Jurisprudence
Marques

Demande d’enregistrement de marque - Caractère trompeur du signe Delikatessen KAVIARI PARIS pour désigner les œufs de poissons préparés ou non

PIBD 1165-III-6
CA Paris, 11 juin 2021

Demande d’enregistrement de marque - Caractère trompeur (oui) - Nature du produit - Droit de l’UE - Fonction d’indication d’origine

Texte
Demande d’enregistrement de marque n° 4 500 628 de la société Kaviari
Texte

C’est à juste titre que l’INPI a rejeté la demande d’enregistrement de la dénomination Delikatessen KAVIARI PARIS, au motif qu’elle est trompeuse pour désigner les « oeufs de poisson préparés » et les « oeufs de poissons ».

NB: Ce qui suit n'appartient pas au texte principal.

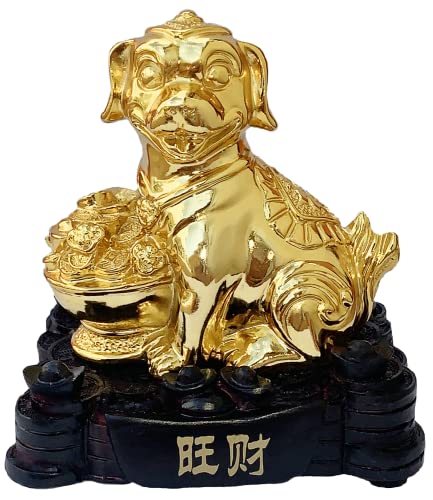 Betterdecor Gold Color Feng Shui 12 Chinese Zodiac Animal Statue Figurine Home Office Decoration and Gift for New Year Holidays and Birthday (Zodiac Dog)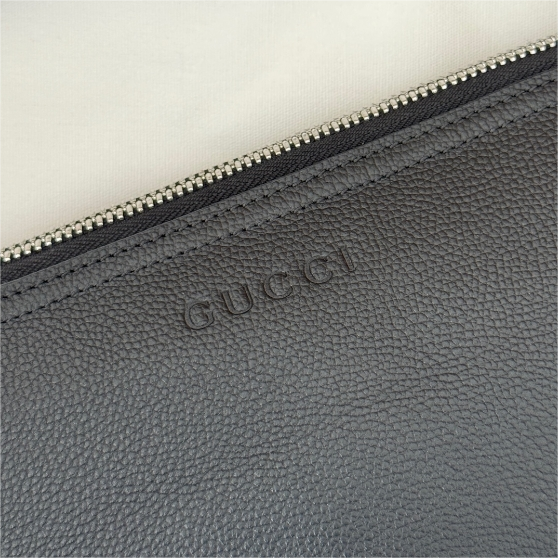 GUCCI-Single Shoulder Crossbody Black Grain High-Quality Soft Leather bag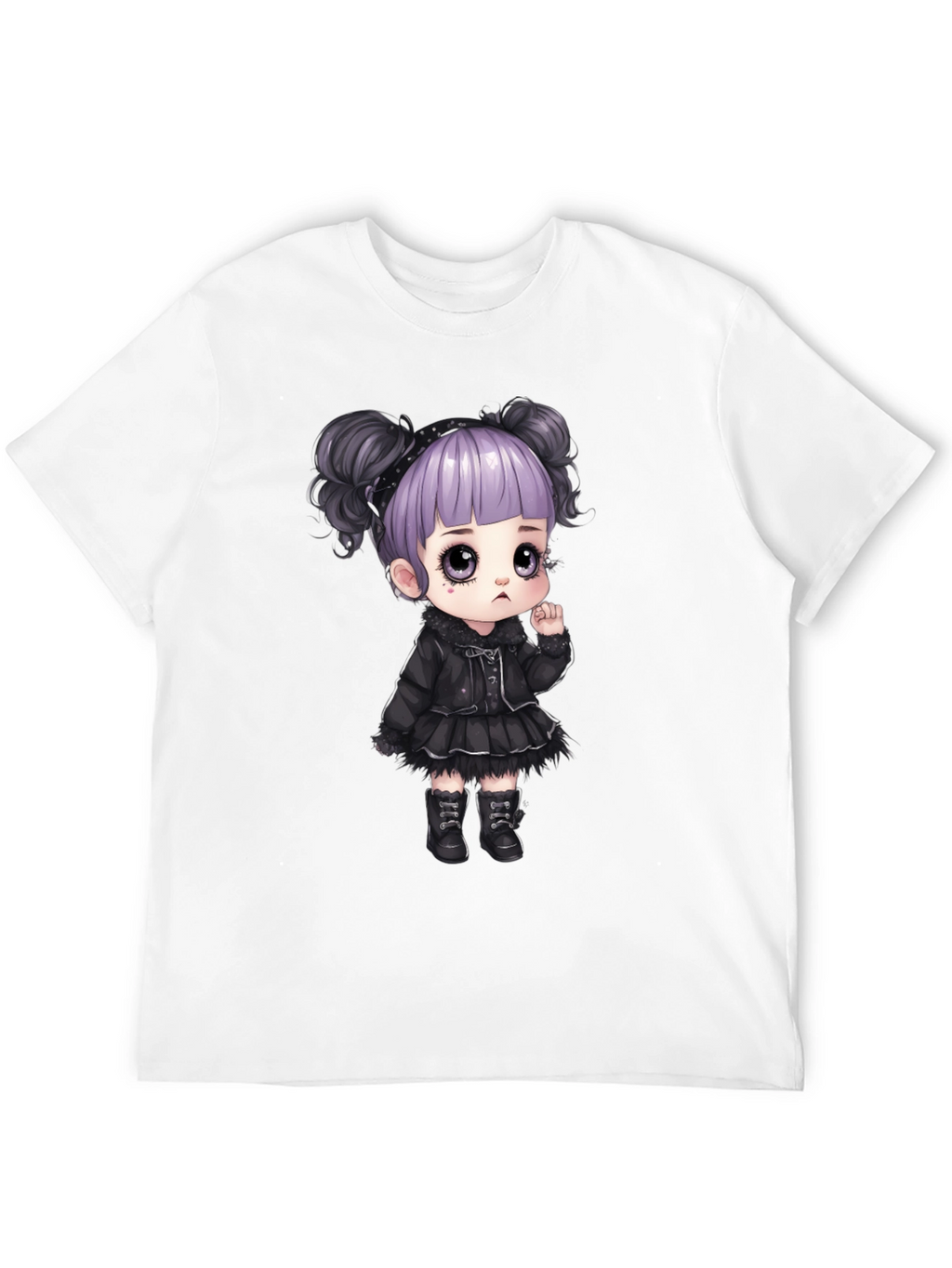 Goth Girl Cartoon Graphic Tee - Black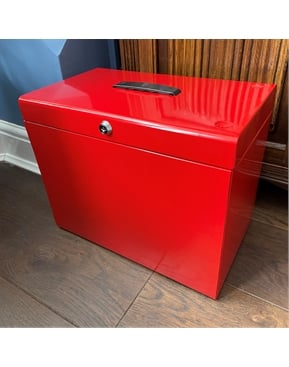 Red | Metal File Box with Files | Expert Verdict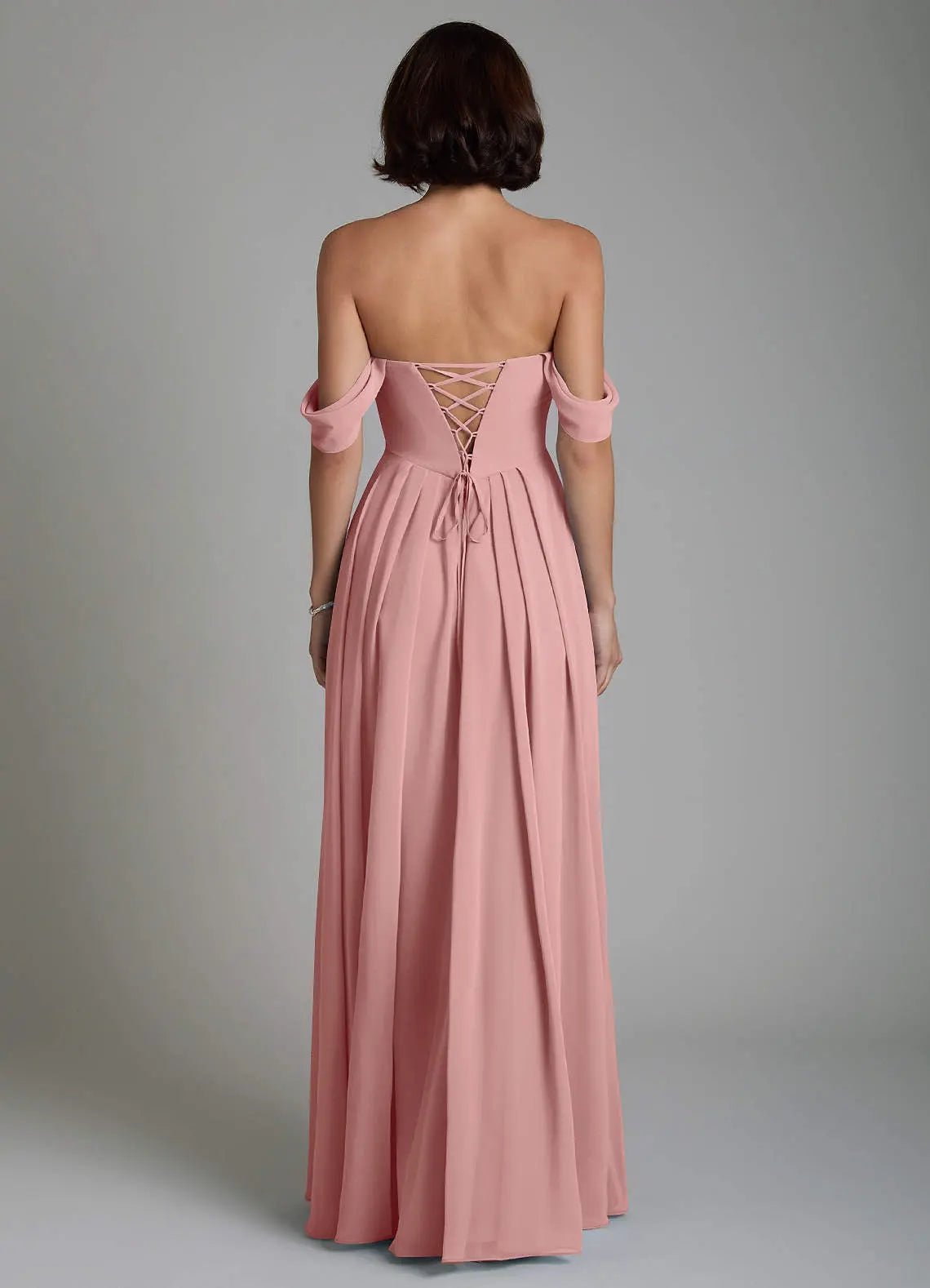 Loisa A-Line Off-the-Shoulder Chiffon Bridesmaid Dress in dusty rose
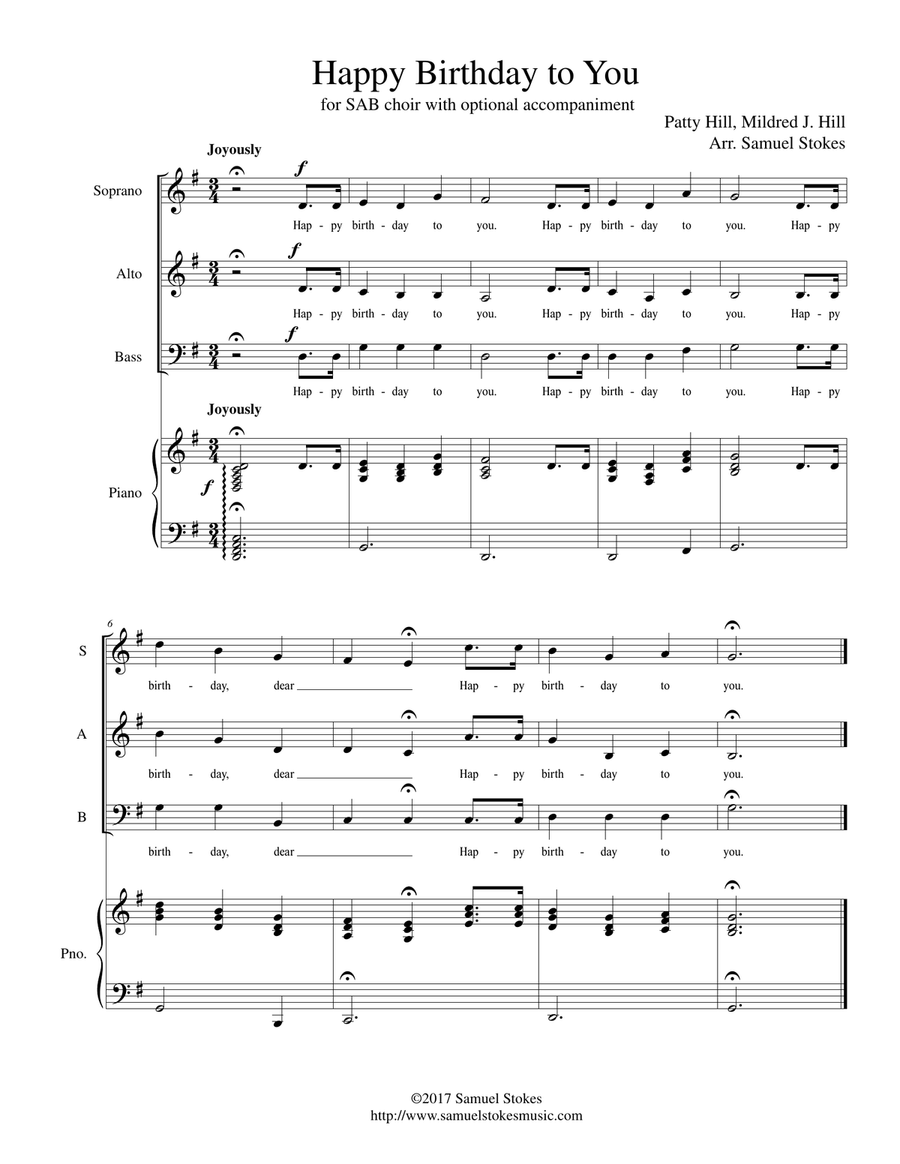 Happy Birthday to You - for SAB choir with piano accompaniment 3-Part scores gallery preview page 1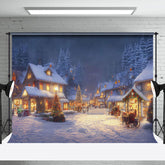 Aperturee - Aperturee Town Light Glitter Snowy Wild Christmas Backdrop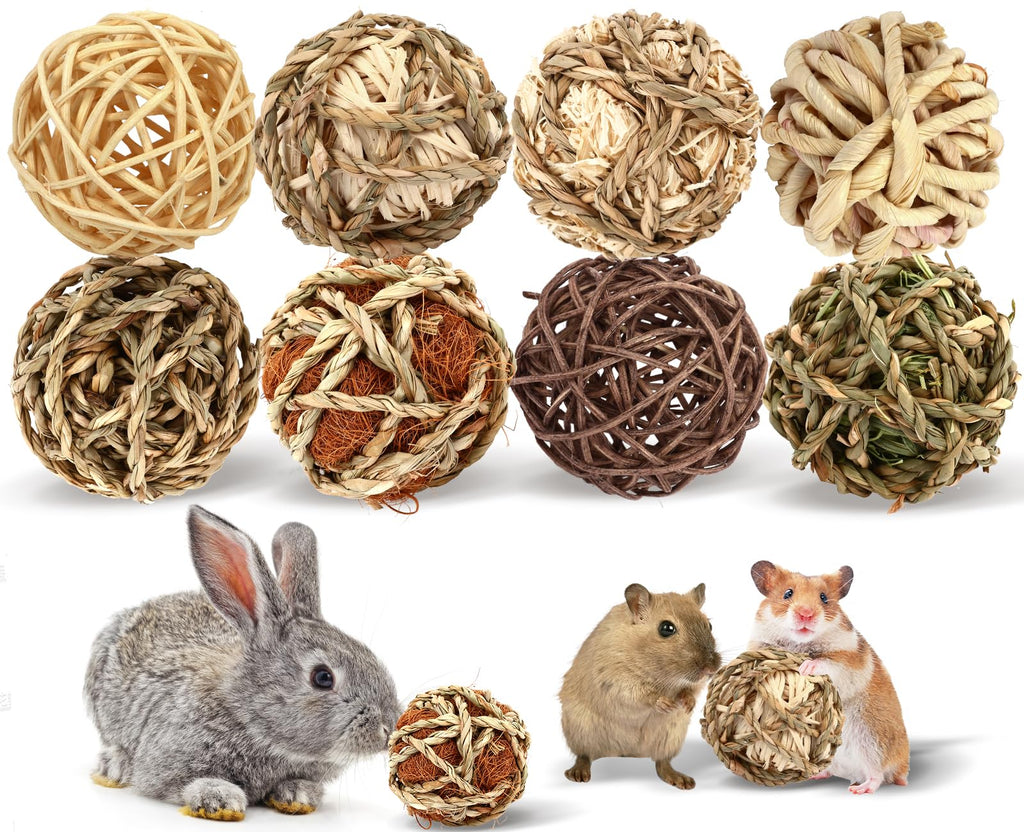 Bunny Chew Grass Balls, (8 Pcs) Rolling Chew Toys for Small Animals, Natural Chew Grass Toys and Bunny Treats for Rabbits, Guinea Pigs, Chinchillas, Hamsters, Mice Teeth Grinding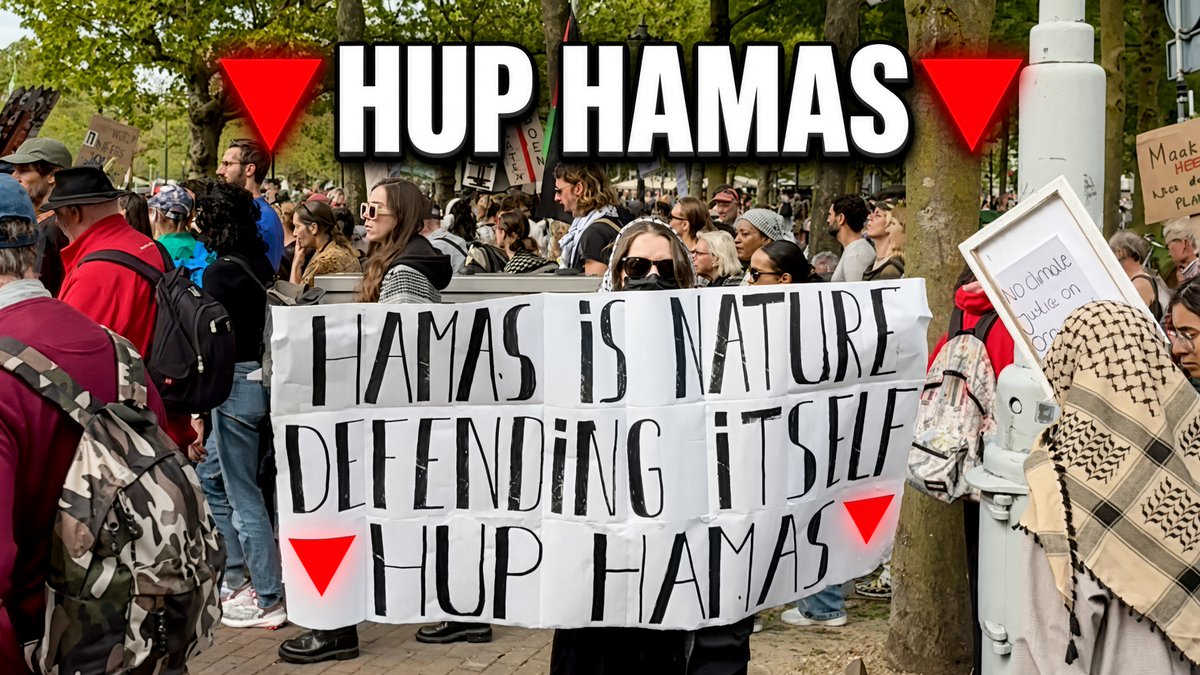 "Hamas is Nature Defending Itself 🔻HUP HAMAS🔻" De Klimaatmars in Amsterdam vliegt volledig uit de bocht. Dit spandoek loopt vanmiddag gewoon mee in de stoet midden tussen de bordjes van PRO en Greenpeace. #Klimaatmars #Amsterdam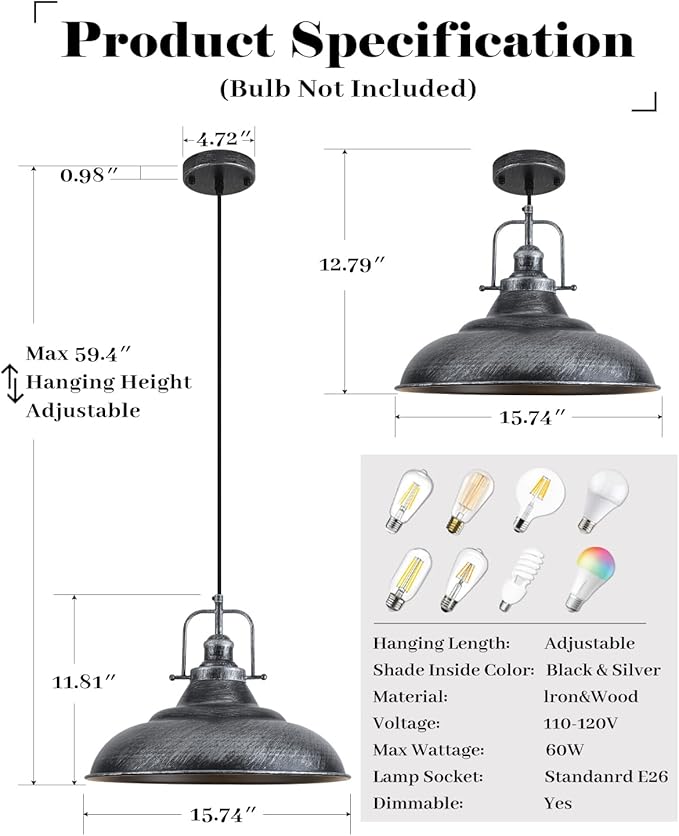 16 Inch Farmhouse Pendant Lights, Black and Silver Pendant Light Kitchen Island, Large Industrial Pendant Lights, Vintage Farmhouse Pendant Light for Kitchen Island, Dining Room (2 Pack)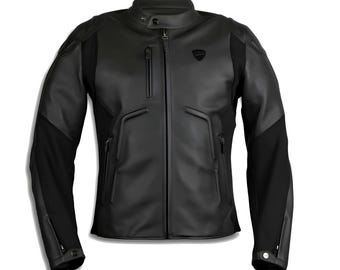 Ducati Black Rider C2 Leather Jacket | Cowhide Armored Riding Gear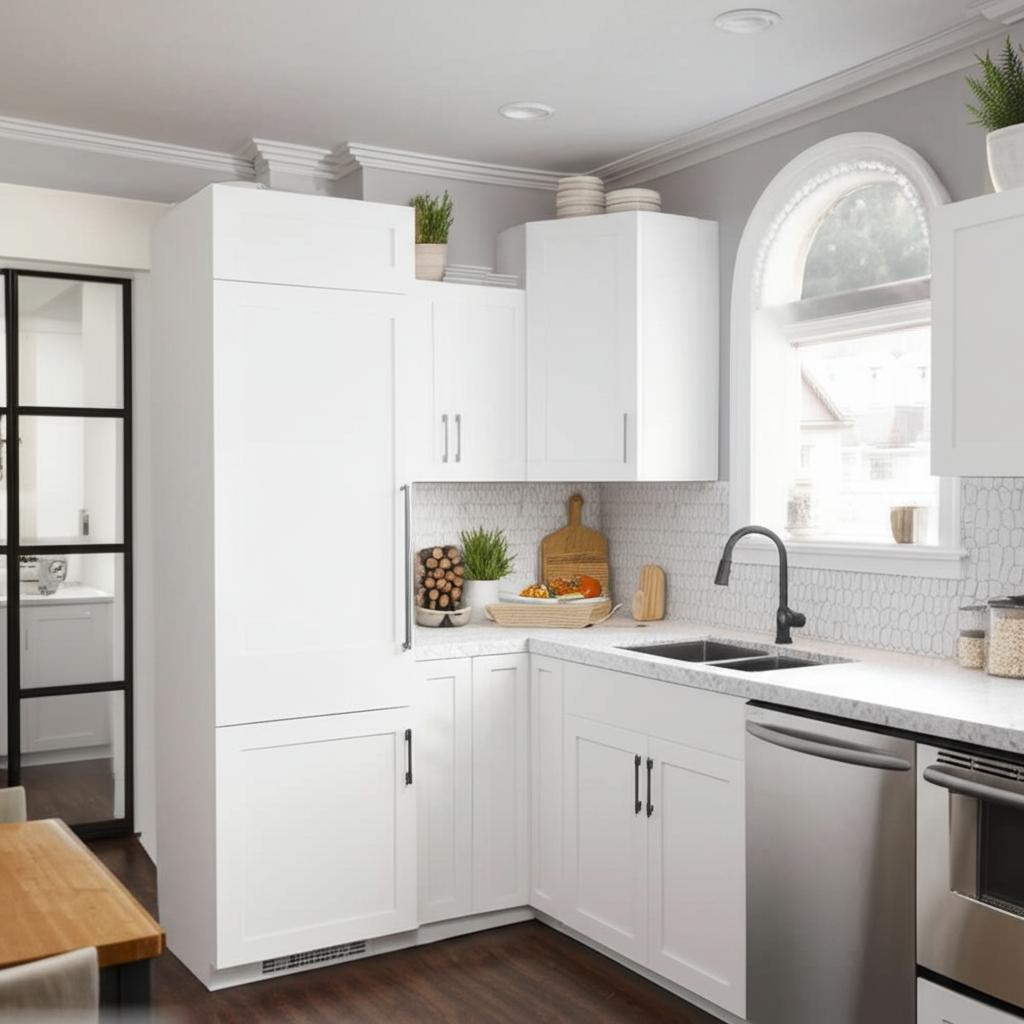 Hampton Bay Designer Series Melvern Assembled EZ Reach Corner Base Kitchen Cabinet in White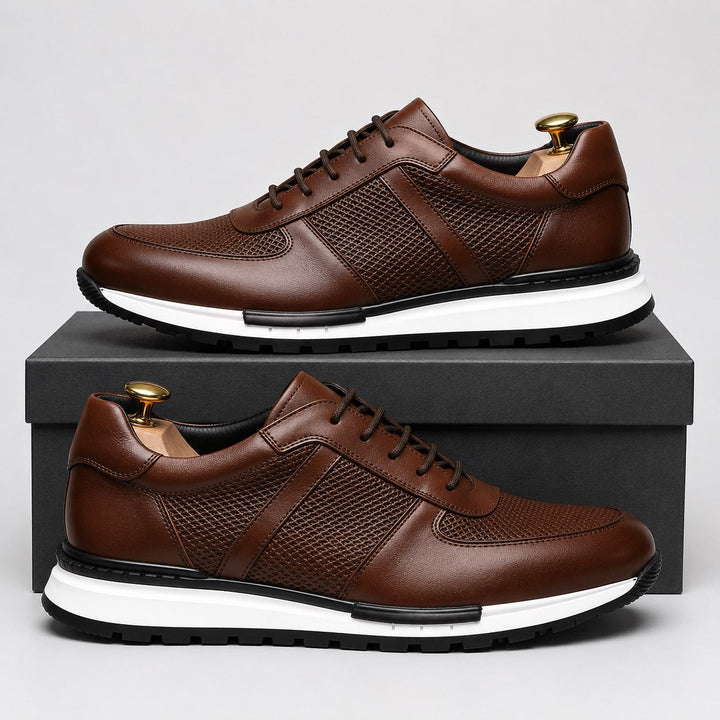 DAVID MILLER LEATHER SNEAKERS - Brown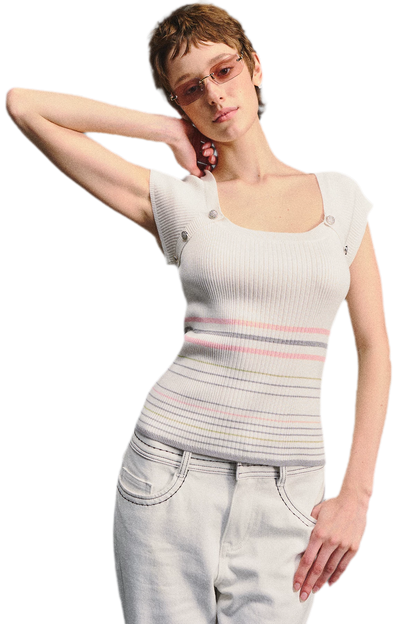 Raglan Stripe Slim Top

Selon l’arrêt Elizabeth Emanuel de la CJCE[1], le motif d’ordre public de protection du consommateur qui justifie l’interdiction édictée par l’article 3, §1, g), de la directive n° 89/104 doit conduire à rechercher si la marque est de nature à tromper le consommateur moyen, normalement informé, attentif et avisé des produits qu'elle est destinée à distinguer. Il suffit qu’un risque de tromperie soit établi pour que la marque soit refusée à l'enregistrement car, de ce seul fait, elle s'écarte de sa fonction, qui est de garantir l'origine des produits marqués, et cesse d'être utile au consommateur pour lui être, à l'inverse, préjudiciable. De plus, il résulte de l’article L. 711-3 du CPI, dans sa version alors applicable, que le risque de tromperie doit être apprécié au regard du signe lui-même, pris dans son ensemble ou dans un de ses éléments.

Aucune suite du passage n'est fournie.